Il palco del Palaghiaccio di Marino ha visto esibirsi numerosi artisti e gruppi musicali di fama nazionale e internazionale. Il 6 gennaio 2003, la struttura ospitò la XVIII edizione della Befana del Poliziotto, un evento condotto da Pino Insegno, Roberta Lanfranchi, Gaia De Laurentiis e Fabrizio Frizzi, con la partecipazione di ospiti illustri come Lucio Dalla, Tullio De Piscopo, Edoardo Bennato ed Eugenio Bennato, Michele Zarrillo, Gigi D'Alessio, e le formazioni calcistiche dell'A.S. Roma e della S.S. Lazio. Queste esibizioni e la capacità di ospitare grandi eventi sottolineano il potenziale che tali strutture possiedono come centri culturali e di intrattenimento.

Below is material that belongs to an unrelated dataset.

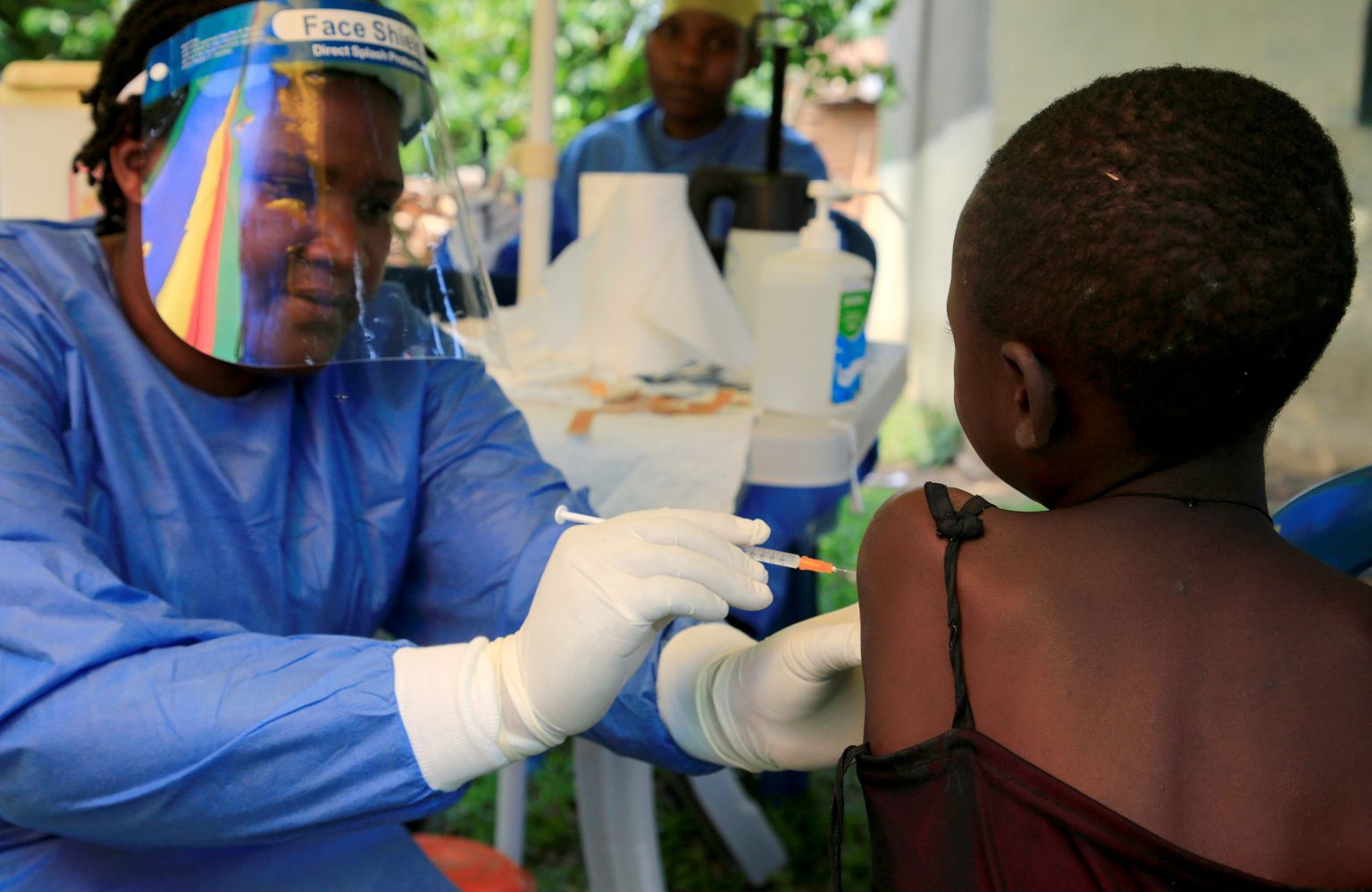 Uganda tervishoiutöötaja ebolavaktsiini süstimas.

Palaghiaccio Di Marino (Roma) il 15-03-2015.

Il Palaghiaccio di Alba di Canazei: Un Modello di Funzionalità e Attività Continua

In contrasto con gli esempi di abbandono, il palaghiaccio di Alba di Canazei, intitolato "Gianmario Scola", rappresenta un modello di successo per la gestione di una pista di ghiaccio. Questa struttura, attiva sia in inverno che in estate, offre la possibilità di pattinare su una pista olimpionica di 30 x 60 metri con refrigerazione artificiale. È un'attività ideale per famiglie, coppie e gruppi di amici, adatta anche nelle giornate di maltempo.

La pista, ampia, liscia e luminosa, è pensata sia per i principianti sia per i pattinatori più esperti, creando un'atmosfera vivace e divertente, spesso accompagnata da musica. La struttura ha una capacità di 3.500 persone e offre servizi di noleggio pattini e lezioni per apprendere o perfezionare le tecniche di pattinaggio. Per chi accompagna, sono disponibili spazi sugli spalti o un bar adiacente.

Pista di pattinaggio a Alba di Canazei con pattinatori e musica

Il palazzetto di Alba di Canazei non è solo un luogo per il pattinaggio libero, ma è anche la sede dei Fassa Falcons, storica squadra locale di hockey su ghiaccio, e dell'associazione Val di Fassa Artistico Ghiaccio. Nel corso degli anni, ha ospitato eventi di rilevanza internazionale, tra cui i Campionati Mondiali di Hockey su Ghiaccio del gruppo B nel 1987 e nel 1994, e la XXVI Universiade Invernale nel 2013, con incontri e cerimonia di chiusura. La continuità operativa e la multifunzionalità della struttura la rendono un punto di riferimento per lo sport e il turismo nella Val di Fassa.